If you were building out or refreshing the infrastructure for a similar service portfolio today, there are a couple of relatively new enabling technologies that can provide a lot more flexibility and allow you to make much more efficient use of the resources that need to deploy. These are automated storage tiering and virtual provisioning, which in EMC’s products are combined into a single software feature bundle called FAST VP, which stands for Fully Automated Storage Tiering with Virtual Provisioning. Let’s quickly cover these and then I’ll wrap up this post with some conclusions.

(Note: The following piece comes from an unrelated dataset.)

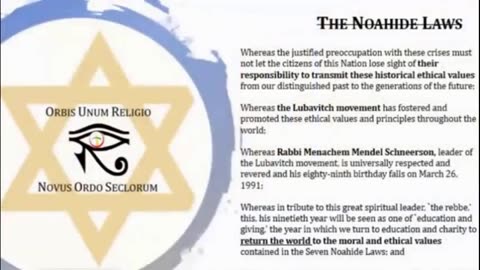 The Noahide Laws in the End Times - Village of Hope Justice Ministry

In simplistic terms, virtual provisioning allows you allocate capacity that you don’t actually have installed. Sounds like magic, well it’s not, it’s just clever software functionality that enables you create virtual LUNs whose apparent size can exceed the amount of underlying physical capacity that they consume. Physical storage capacity is not allocated until it used by having data written onto it. Service Providers that opt to use this technology within their block storage infrastructure literally have the ability to sell capacity that they don’t have, or to offer customers an improved price point, if they opt to pass the savings onto customers.

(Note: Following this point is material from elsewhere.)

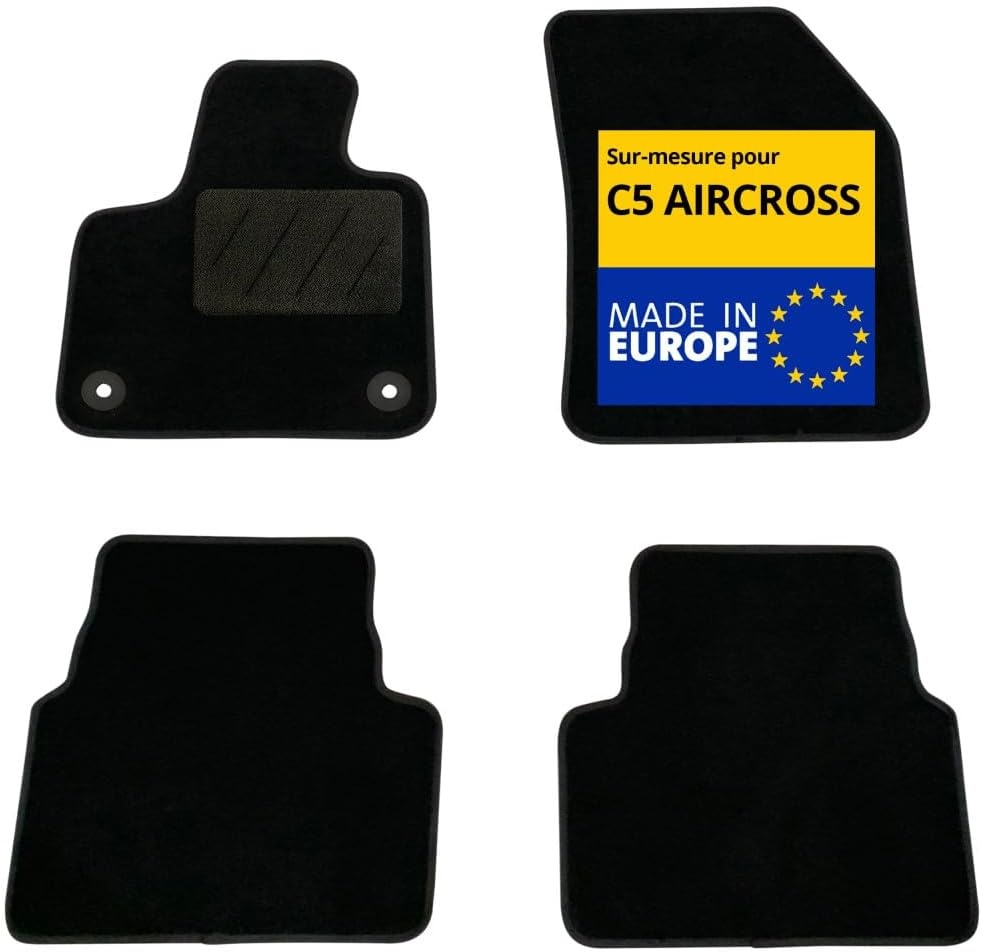 DBS Automatten voor Citroen C5 AIRCROSS en Hybrid vanaf 12/2018 - 4-delige set zwart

Automated tiering provides a similar set of functionality but in the allocation of performance resources. When using automated tiering, each LUN can be constructed from a blend of different underlying storage elements. Note that I didn’t say disks there, because in this sort of model, it’s very usual to make of solid state Enterprise Flash Drives (EFDs) to provide the highest performance tier in the allocation model. It’s probably best to illustrate this with a theoretical example. Under the old delivery model, a high performance storage tier might have be constructed using 6 300GB fiber channel (FC) drives to hold the data, and 6 more to hold copies to protect the data in the event of failure, so 12 drives in total. Using FAST VP, a higher theoretical performance level can be delivered with 4% of the capacity on EFD 100GB drives, 25% on 450GB FC drives and 71% on 2TB SATA drives. However, this benefit doesn’t only come where only one performance tier is required, but also where a service provider needs to construct a number of offering with different performance characteristics. The ability build these with a blend of different types of underlying storage offers fantastic flexibility and allows the SP to maximum usage of both the performance and capacity available on each of their assets.
So to wrap things up, whilst I did say in the first post in this series that in time block storage would come to represent a smaller and small proportion of the total volume as storage that’s deployed globally over time, it’s still the de facto standard for the majority of structured data and transactional applications today, especially where high availability and data recoverability are important factors. As a result, most Service Providers that provide services to larger enterprises and public sector organisations are likely to have a significant amount of block storage deployed within their infrastructure. The maturity and widespread deployment of virtual provisioning and automated tiering technology means there’s now a better way to do block, so it’s a good time to look at how you’re delivering block today and think about optimising it.